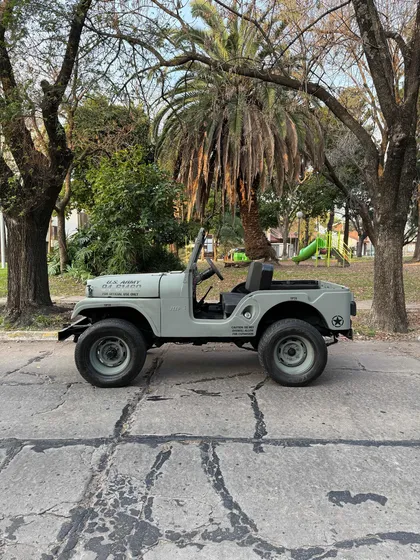 Jeep Ika Willys 3.8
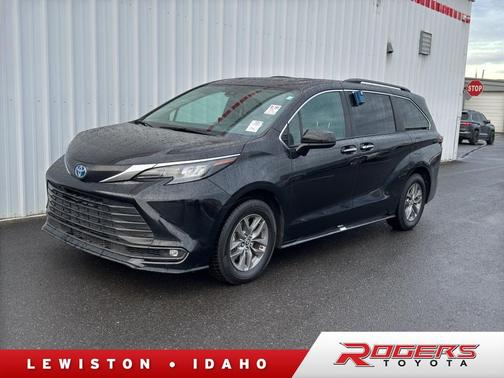 2025 Toyota Sienna XLE
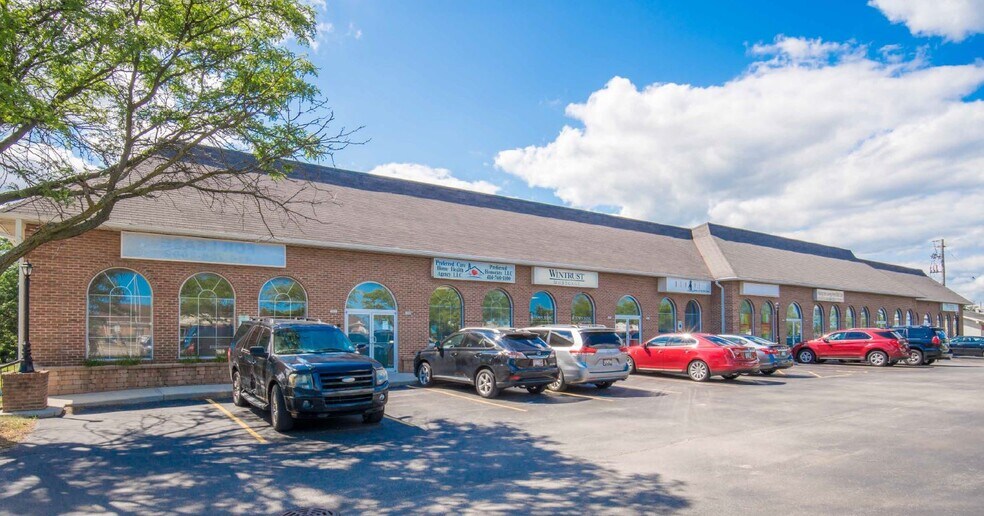 7919-7961 N 76th St, Milwaukee, WI à vendre - Photo du bâtiment - Image 1 de 5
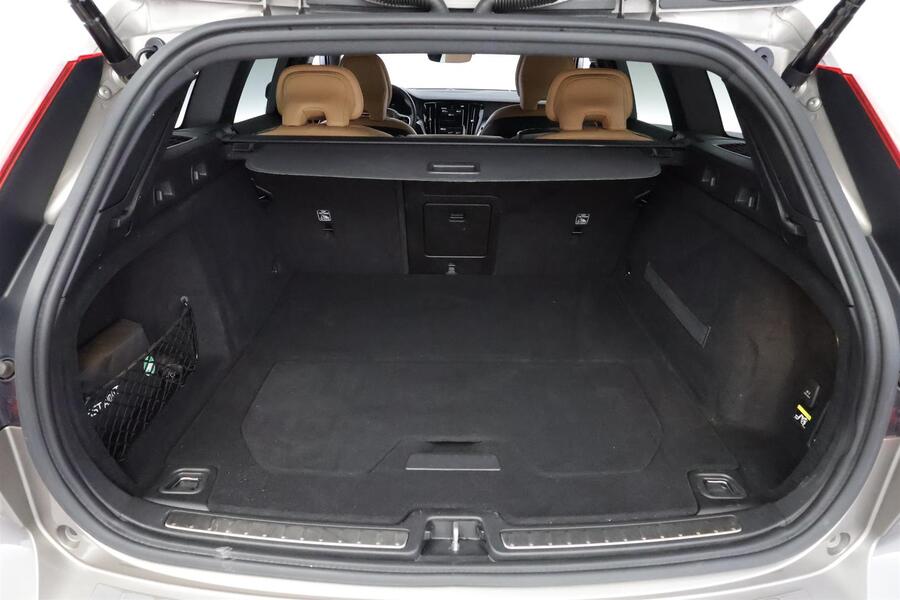 Volvo V60 Cross Country vaihtoauto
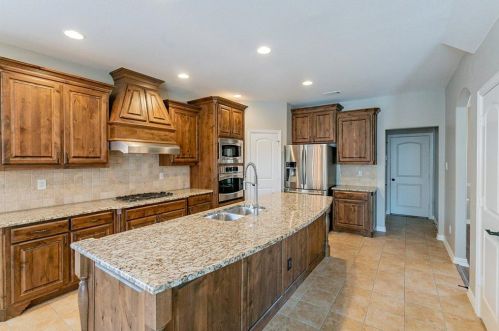7124 Goodnight Ranch Rd, Fort Worth, TX 76182-3391
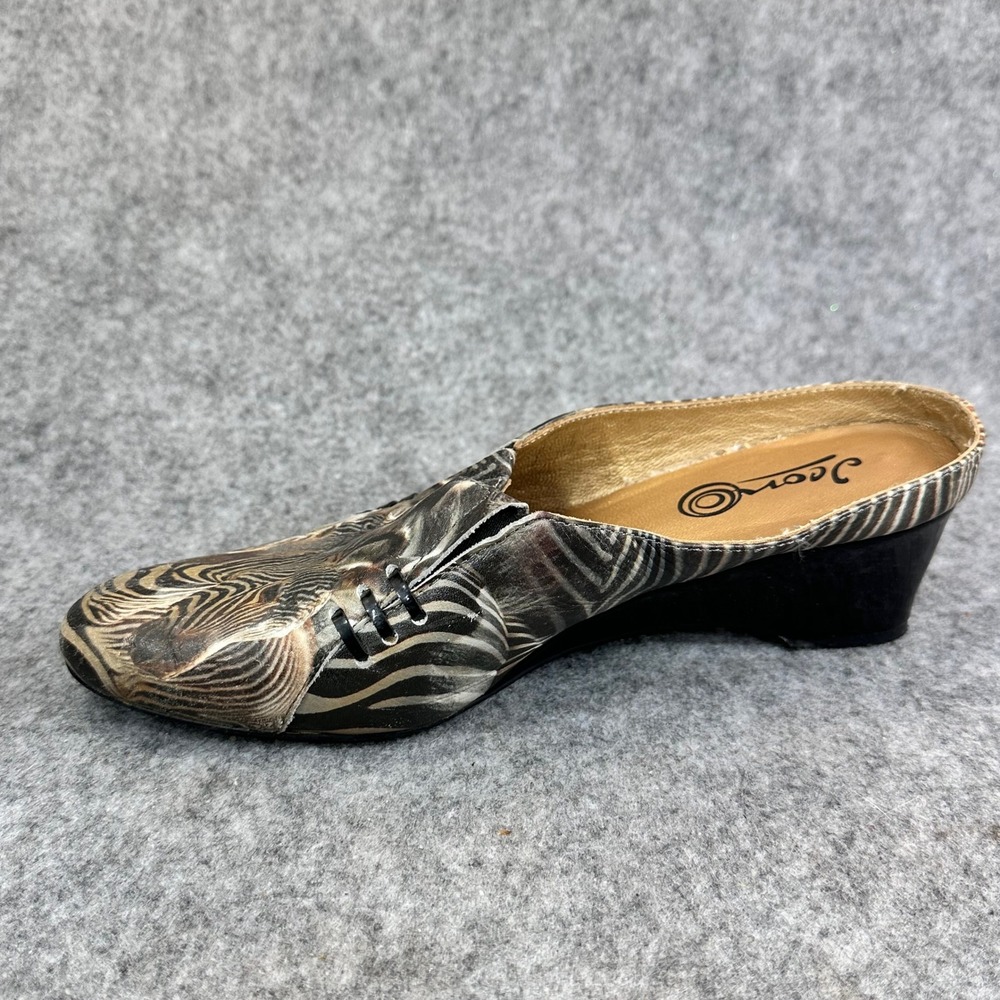 Vintage Y2K Zebra Print Clogs Womens Size 7 Slip On Platform Mules - Picture 7 of 13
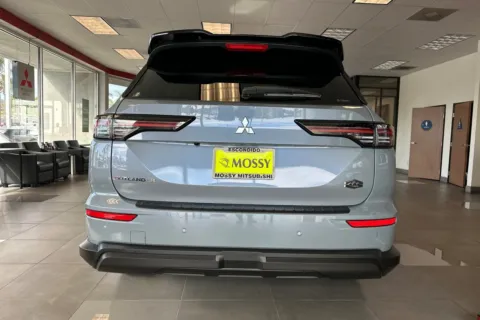 More photos of 2026 Mitsubishi Outlander SE at Mossy Mitsubishi, CA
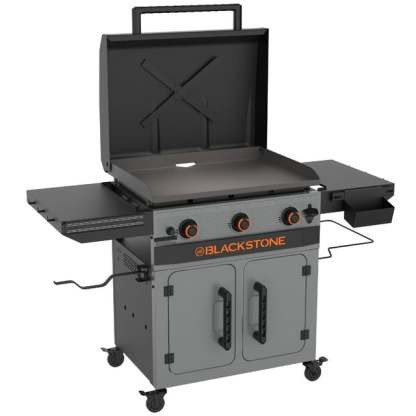 Plancha Omnivore Blackstone Bronco de 3 quemadores XL de 28" con gabinete y estantes laterales dobles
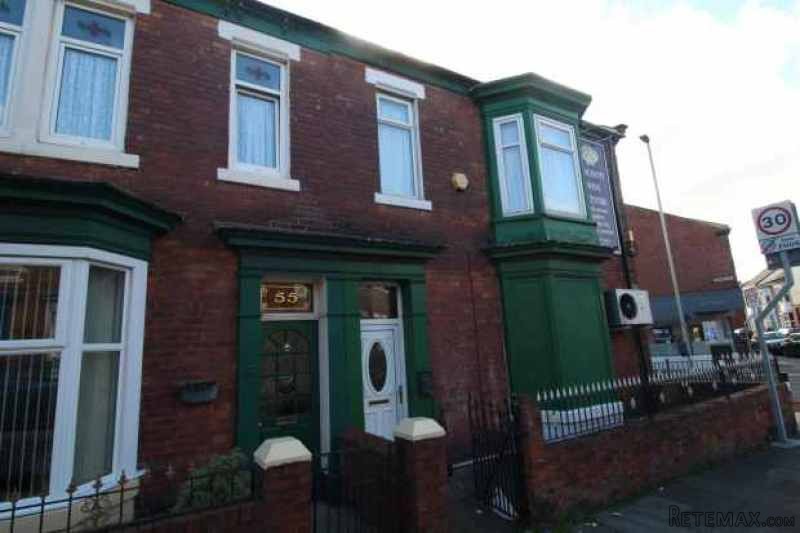 2 bedroom, Flat house for sale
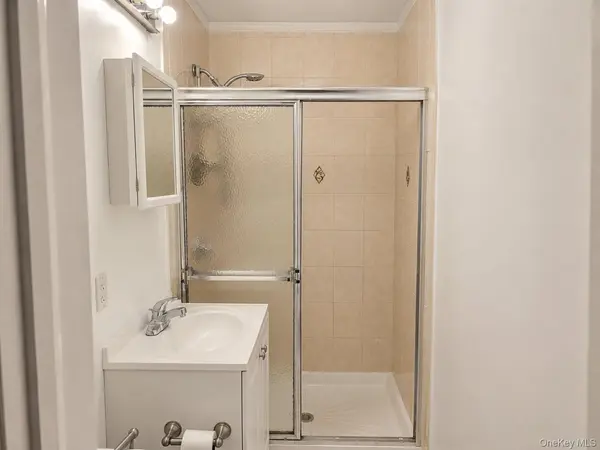 71-08 162 Street #1R, Fresh Meadows, NY 11365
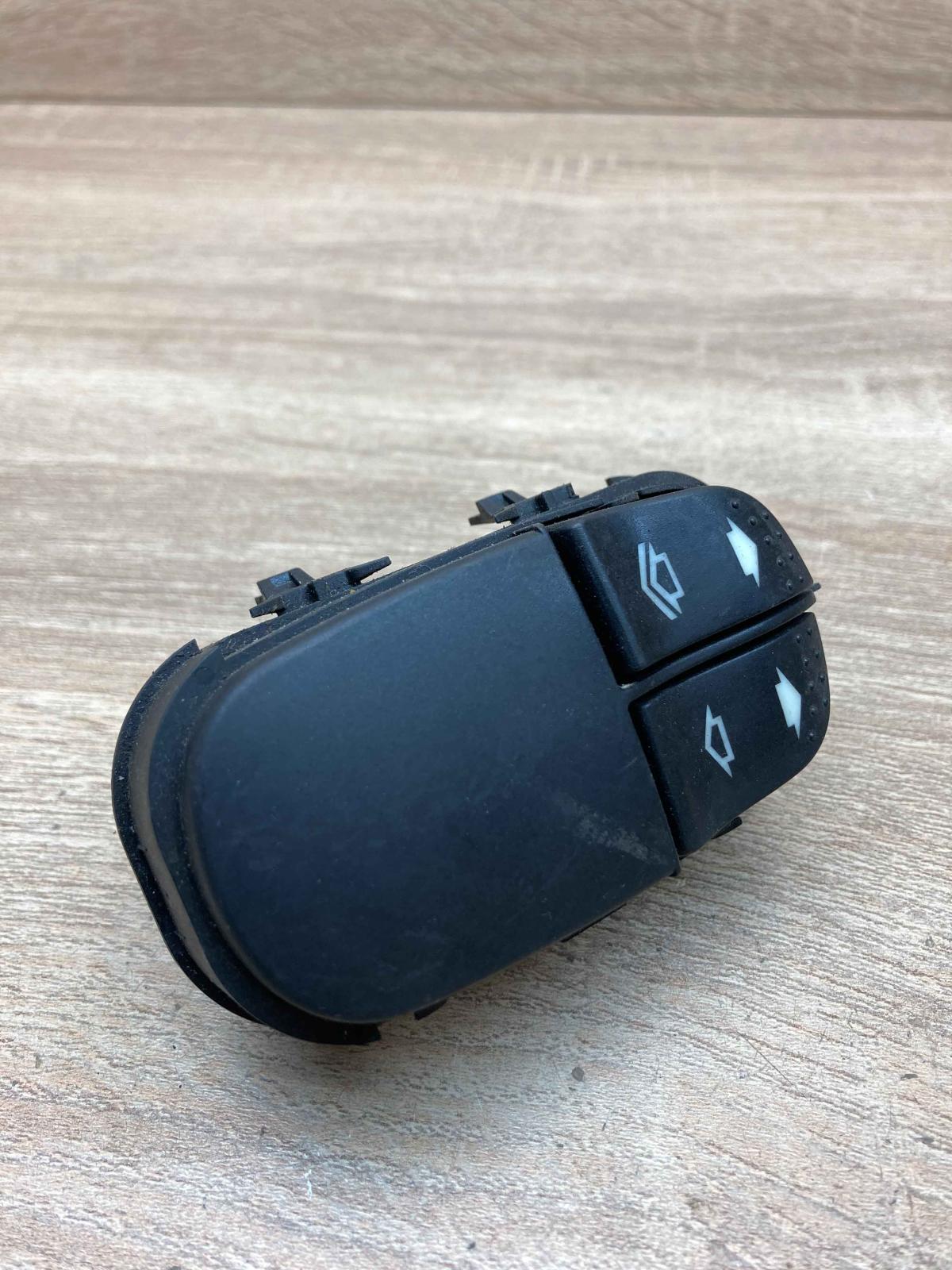 98AG 14529 AC   Electric window control switch Ford Focus
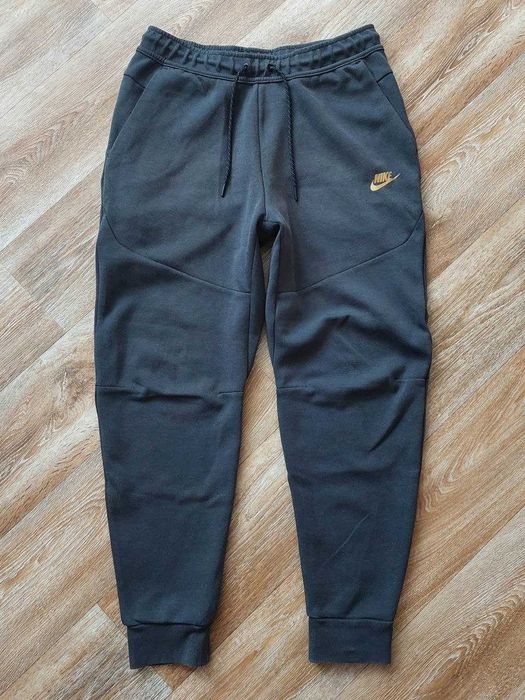 Мужские спортивные штаны Nike Tech Fleece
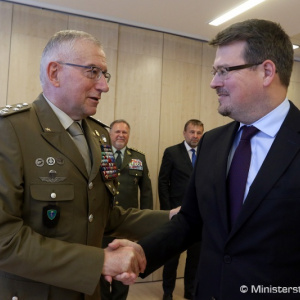 Štátny tajomník Ministerstva obrany SR Róbert Ondrejcsák prijal predsedu Vojenského výboru EÚ generála C. Graziana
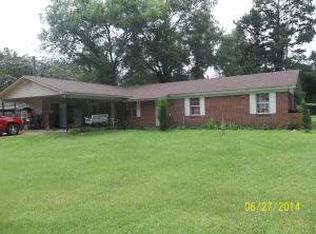 303 W Wingate Rd, New Augusta, MS 39462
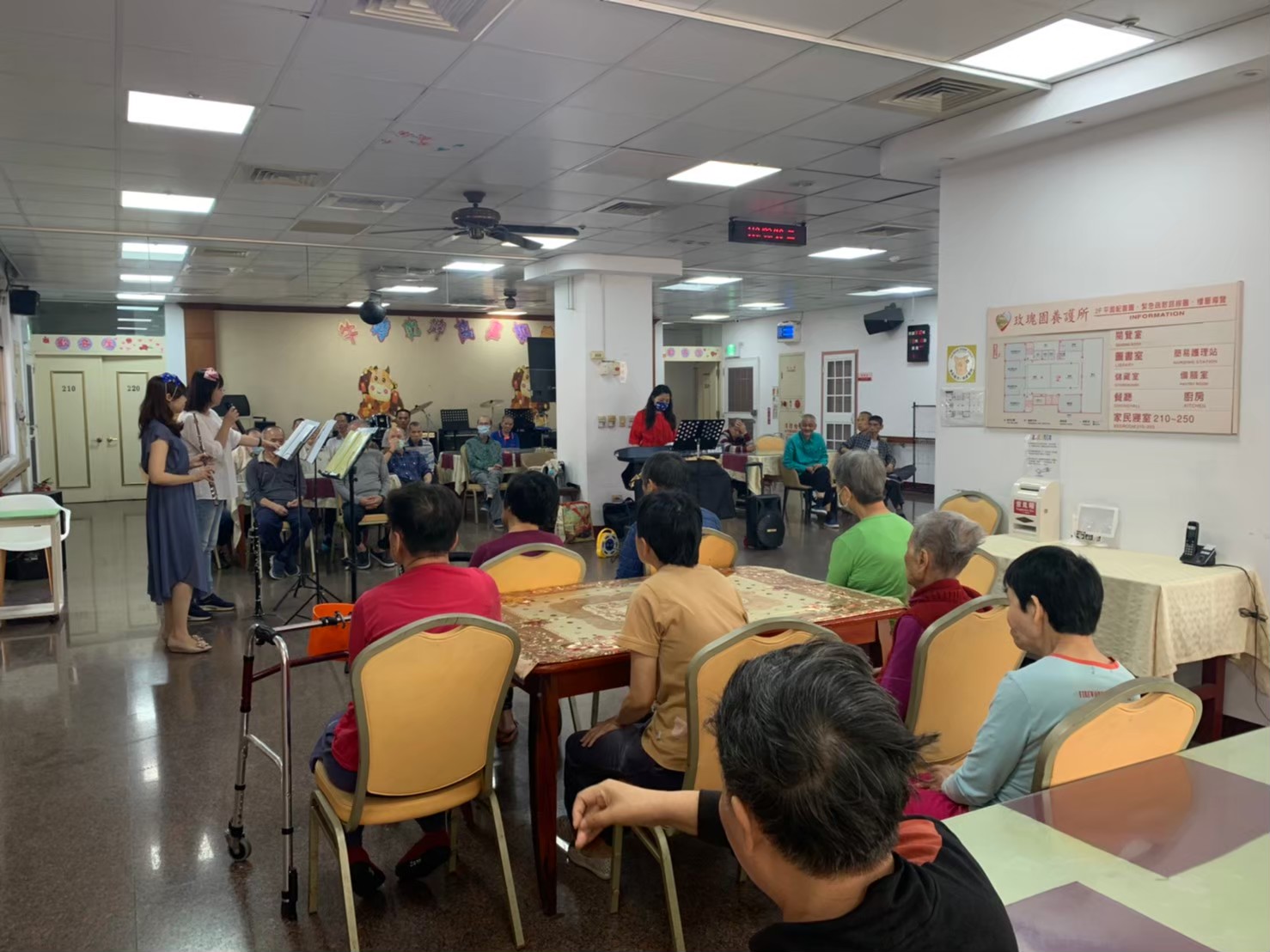 團體志工服務-小豆苗樂團演奏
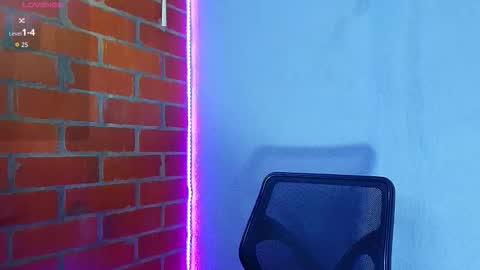 Snapshot of lucky_blessed chatting on 09.17.25 lucky_blessed online show from 09.17.25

What is expected: Write the lines out exactly, beginning at the line that holds "Štátny tajomník Ministerstva" and stopping after the last line of the entries; include no pictures.

Problem solution:
 Štátny tajomník Ministerstva obrany SR Róbert Ondrejcsák prijal predsedu Vojenského výboru EÚ generála C. Graziana
 303 W Wingate Rd, New Augusta, MS 39462
 團體志工服務-小豆苗樂團演奏
 Snapshot of lucky_blessed chatting on 09.17.25 lucky_blessed online show from 09.17.25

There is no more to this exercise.